# MSI phase lights (8) for cpu



## Starlord (Jul 12, 2013)

All blue lights are turned on I'm only assuming it means the the CPU checks out fine. Correct?


----------



## Tyree (May 10, 2009)

We are at a disadvantage not know what particular Mobo, as well as any other components being used, that you are referring to.
What does the Mobo manual say about the Phase lights?
Does this thread have anything to do with this thread? 
http://www.techsupportforum.com/forums/f210/psu-shortage-faulty-702125.html


----------



## Starlord (Jul 12, 2013)

990FXA-GD65 V2 mobo

Manuel says:

2 lights= 2 phase power mode
4 lights= 4 phase power mode
6 lights= 6 phase power mode
8 lights= 8 phase power mode

These lights indicate the current CPU power phase mode.

It's at 8 lights. It's probably related to the PSU case I had yesterday causing instability. The way I read it 8 lights= it's using max power to keep the CPU running causing other parts not to get enough power.


----------



## Tyree (May 10, 2009)

Tyree said:


> Does this thread have anything to do with this thread?
> http://www.techsupportforum.com/forums/f210/psu-shortage-faulty-702125.html


----------



## Starlord (Jul 12, 2013)

Probably related yes it's more about understanding what the lights mean.

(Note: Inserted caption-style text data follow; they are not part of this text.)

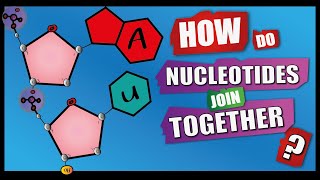 How Do Nucleotides Join Together  A Level Biology  Phosphodiester Bonds  Condensation reactions [upl. by Akiret]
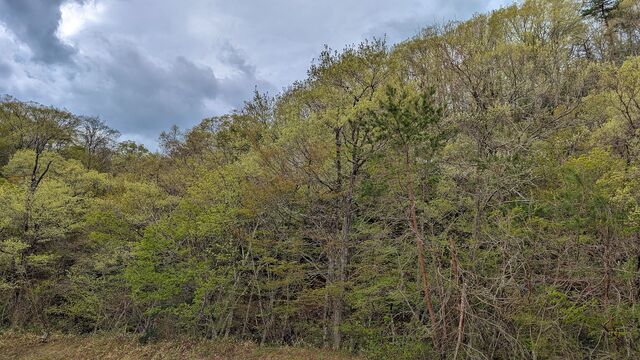 PXL_20260421_010434368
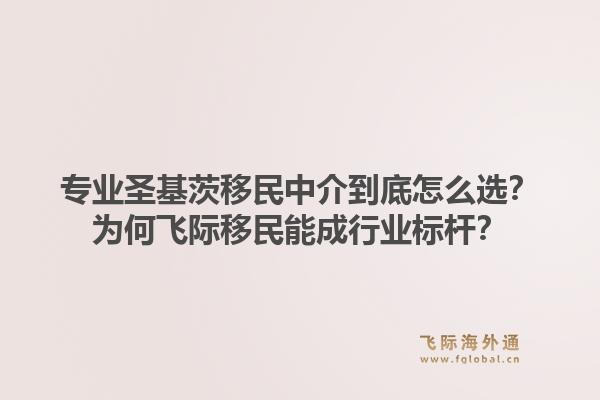专业圣基茨移民中介到底怎么选?为何飞际移民能成行业标杆?1.jpg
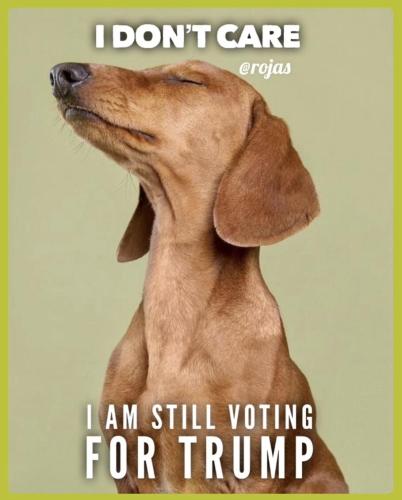 sngine_1b0606449f2c845985ce693a9060a713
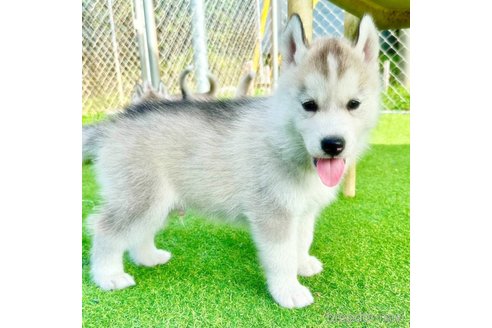 成約済の茨城県のシベリアンハスキー-325457の2枚目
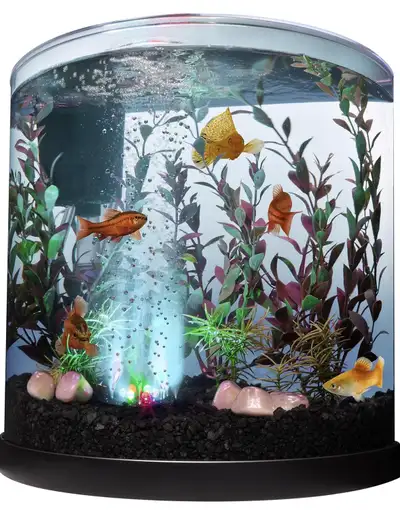 This is a used Tetra 3 Gallon Half Moon fish tank, perfect for a small space. It comes complete with...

But if it means what I just said then yes it's related to that thread.


----------



## Tyree (May 10, 2009)

Have you followed the advice/recommendations in that thread and replaced the poor quality PSU?


----------



## Starlord (Jul 12, 2013)

Tyree said:


> Have you followed the advice/recommendations in that thread and replaced the poor quality PSU?

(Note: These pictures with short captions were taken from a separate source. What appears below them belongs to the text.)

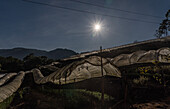 First nation Karen farmers working in fruit and flower polytunnels in Mae Hong Son province, Thailand, Southeast Asia, Asia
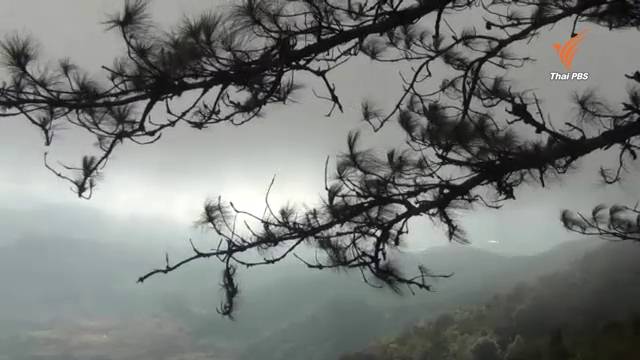 1-4 ก.พ. ภาคเหนือ-อีสาน หนาวอีกระลอก อุณหภูมิลดลง 2-4 องศาฯ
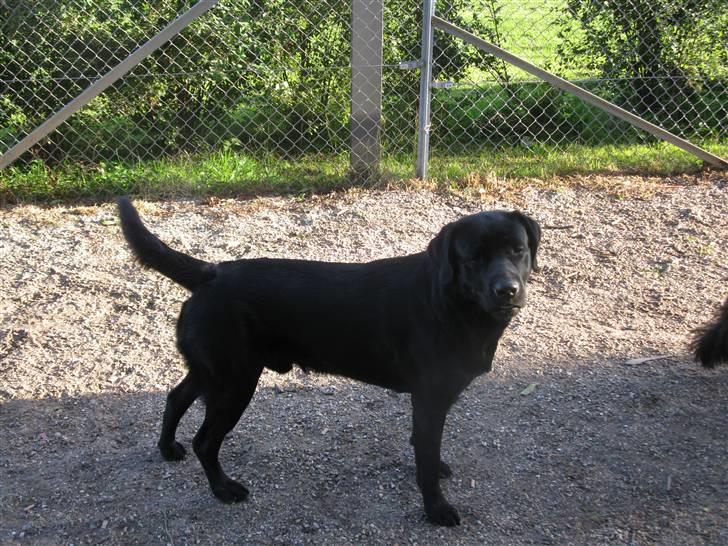 Labrador retriever Oscar (Anjo) billede 1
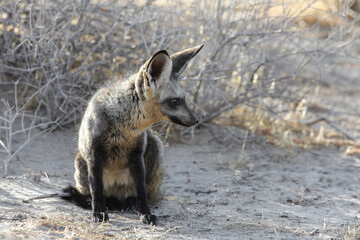 Bat-eared fox resting on the arid Kalahari Desert sand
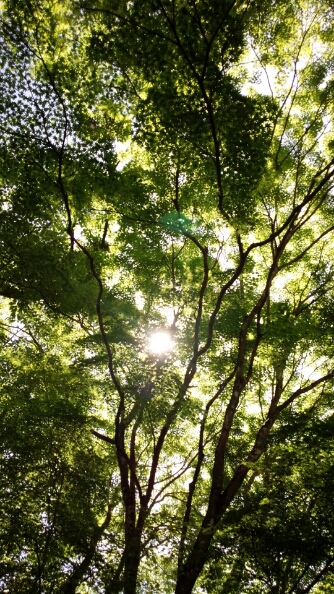 c0173826_855548.jpg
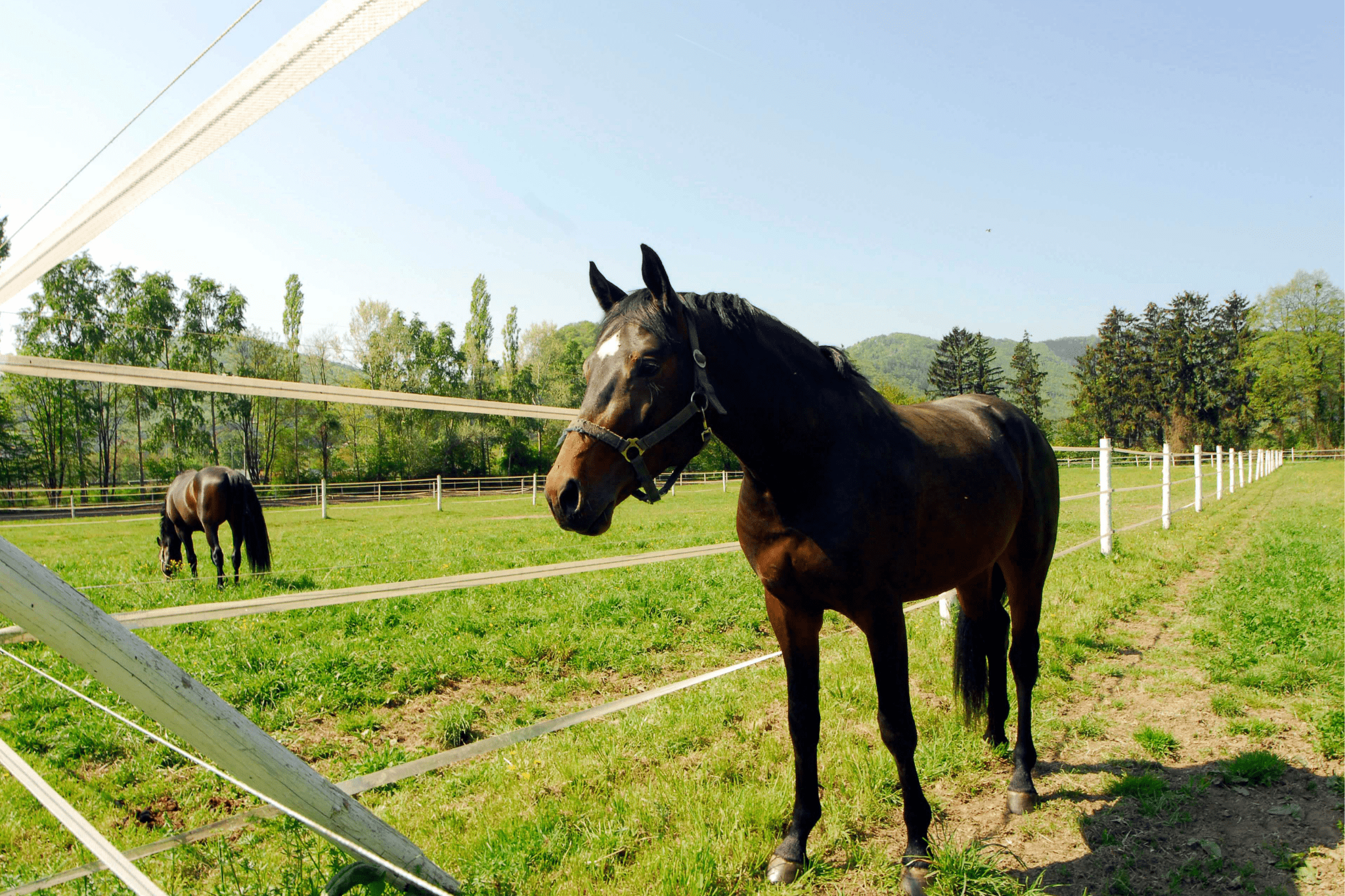Horse Boarding 101 (What it Costs, Types, FAQs) - Horse Rookie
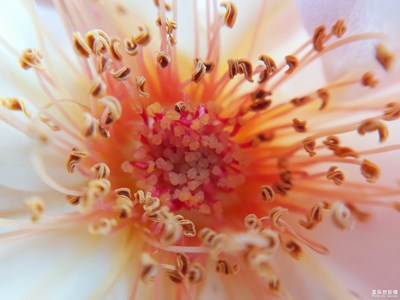 8張微距攝影帶你進入唯美的微觀世界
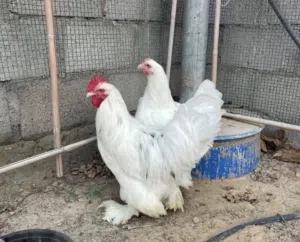 للبيع دجاج البرهما الفرنسي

I'm planning to yes on Monday, but I'm more of wanting to know what the lights mean? Low amount of lights= stable. All lights= unstable? The Manuel doesn't really indicate that.


----------



## Tyree (May 10, 2009)

I would recommend waiting until the PSU is replaced with a good quality unit and see if the light issue is corrected.


----------



## Starlord (Jul 12, 2013)

Tyree said:


> I would recommend waiting until the PSU is replaced with a good quality unit and see if the light issue is corrected.

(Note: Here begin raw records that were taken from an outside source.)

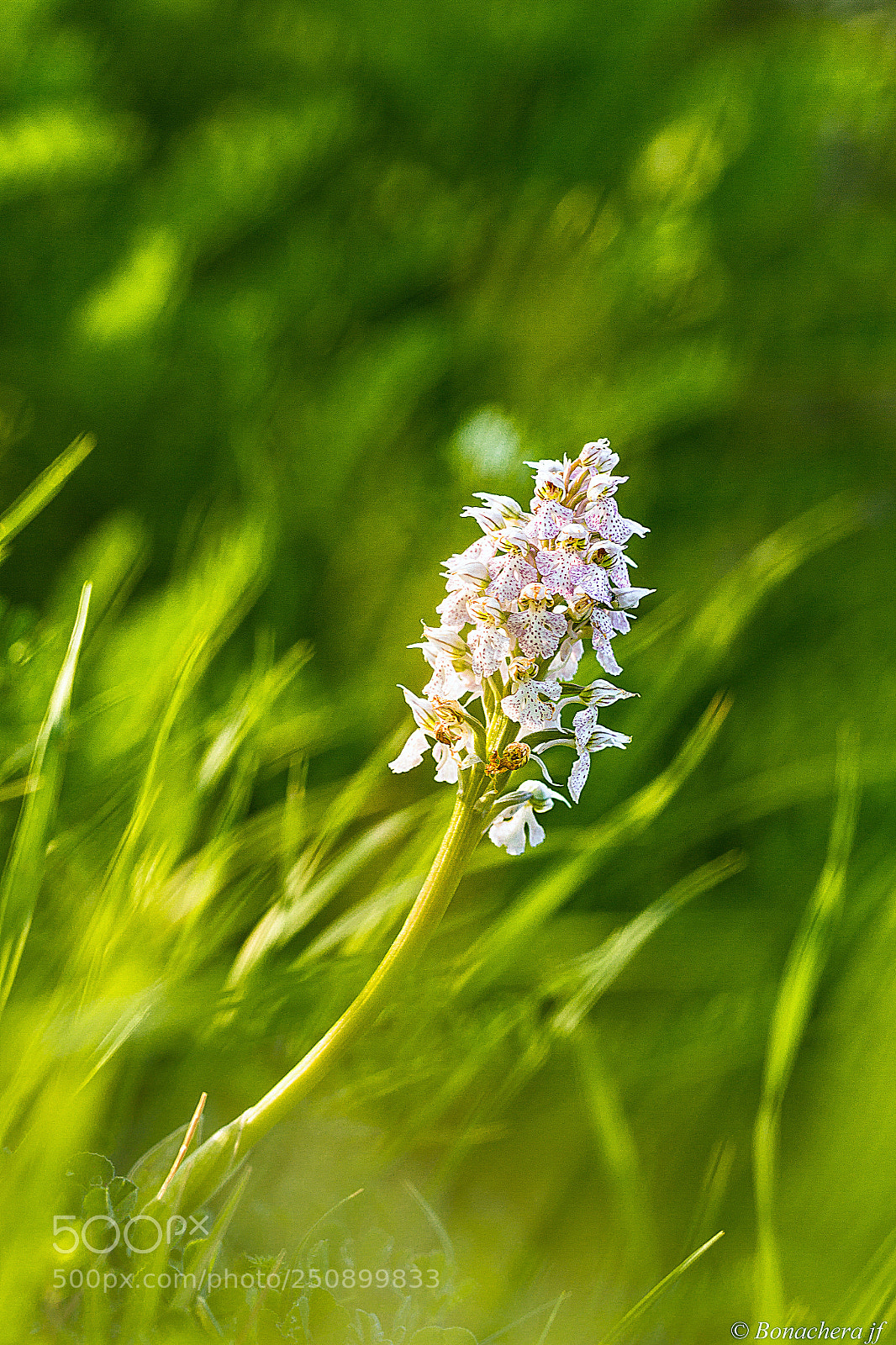 Canon EOS 7D sample photo. L'orchis br l neotinea photography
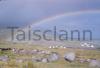 Rainbow and geese at Bloody Foreland, Gweedore.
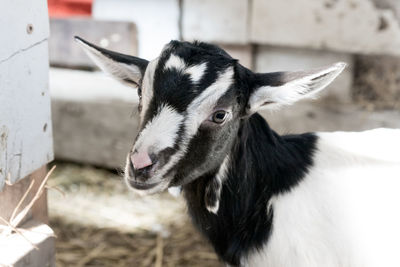 Close-up portrait of kid goat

Okay, I just like learning new things.  sorry for the trouble.


----------



## Tyree (May 10, 2009)

No trouble.


----------



## T_Rex (Oct 21, 2012)

That's MSI's power phasing, i'm very familiar with it, and it can be turned off in the bios. By default when you load optimized it's 'on'. Same on my mobo. It's a voltage protection phasing measure. But if you have instability then yes could be a PSU issue.


----------